# Cat safe aquascape?



## James Burcham (6 Jun 2019)

So I am struggling with the idea that I might have to have a lid made for my scape

Does anyone know if the scape water would be harmful if my cat got into it or if he would contaminate the tank?


----------



## Jayefc1 (6 Jun 2019)

Guess it depends on how much of him got in to it 
And no it won't harm him my ragdoll used to drink out of the tank instead of a stupid water fountain we brought him 
Cheers 
Jay


----------



## The Accidental Aquascaper (6 Jun 2019)

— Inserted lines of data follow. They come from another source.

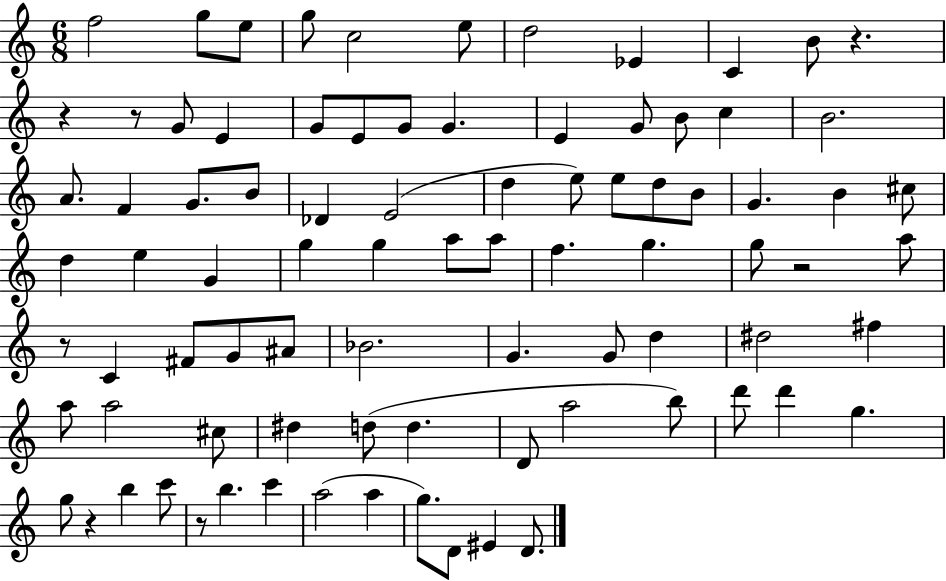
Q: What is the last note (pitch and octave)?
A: D4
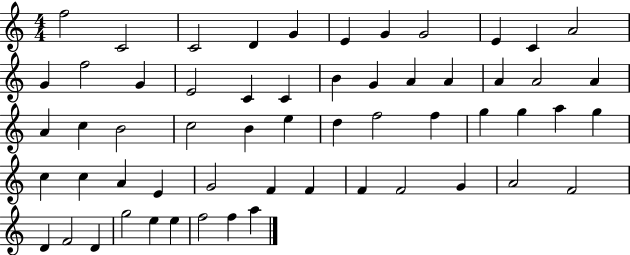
X:1
T:Untitled
M:4/4
L:1/4
K:C
f2 C2 C2 D G E G G2 E C A2 G f2 G E2 C C B G A A A A2 A A c B2 c2 B e d f2 f g g a g c c A E G2 F F F F2 G A2 F2 D F2 D g2 e e f2 f a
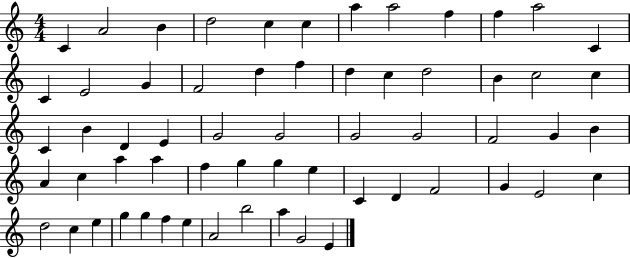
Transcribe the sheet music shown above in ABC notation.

X:1
T:Untitled
M:4/4
L:1/4
K:C
C A2 B d2 c c a a2 f f a2 C C E2 G F2 d f d c d2 B c2 c C B D E G2 G2 G2 G2 F2 G B A c a a f g g e C D F2 G E2 c d2 c e g g f e A2 b2 a G2 E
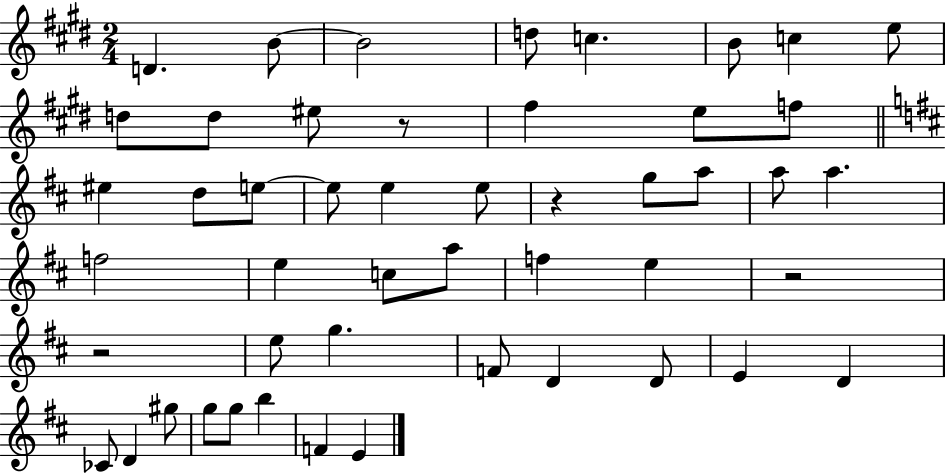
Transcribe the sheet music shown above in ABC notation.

X:1
T:Untitled
M:2/4
L:1/4
K:E
D B/2 B2 d/2 c B/2 c e/2 d/2 d/2 ^e/2 z/2 ^f e/2 f/2 ^e d/2 e/2 e/2 e e/2 z g/2 a/2 a/2 a f2 e c/2 a/2 f e z2 z2 e/2 g F/2 D D/2 E D _C/2 D ^g/2 g/2 g/2 b F E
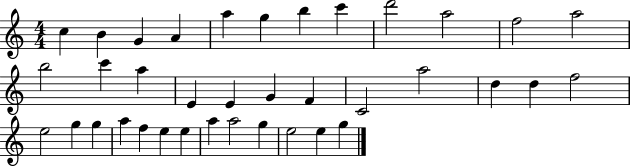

My cat has never shown any interest in other animals at all, let alone the fish. People still think she's a kitten, but she chases everything away including fully grown foxes. I'll like to see what she would do if the fox stood it's ground. Having said that, she's pretty tough. Bitten by a dog, run over by a moped and a car and she still thinks she's the bees knees. I'm glad we had good pet insurance.
Cat's aye, you gotta love em!

Here's the little scamp.


----------



## Aqua sobriquet (6 Jun 2019)

I’ve got Cats and I’d rather not risk it, simple to put a lid on.


----------



## Jayefc1 (6 Jun 2019)

She is a cool cat


----------



## James Burcham (6 Jun 2019)

Simple but expensive and unappealing.


----------



## Jayefc1 (6 Jun 2019)

Here my cat he is a beast but loves to lay on the arm of the chair watching the fish till he falls asleep and the falls of the arm


----------



## dw1305 (7 Jun 2019)

Hi all,





James Burcham said:


> So I am struggling with the idea that I might have to have a lid made for my scape


I eventually had to get better lids for my tanks, after some <"light diffuser issues">.

cheers Darrel


----------



## zozo (7 Jun 2019)

I'm was and am surrounded by cats the biggest part of my life. And from childhood till today always playing with water parties, aqauriums, ponds, tubs, outdoor and indoor.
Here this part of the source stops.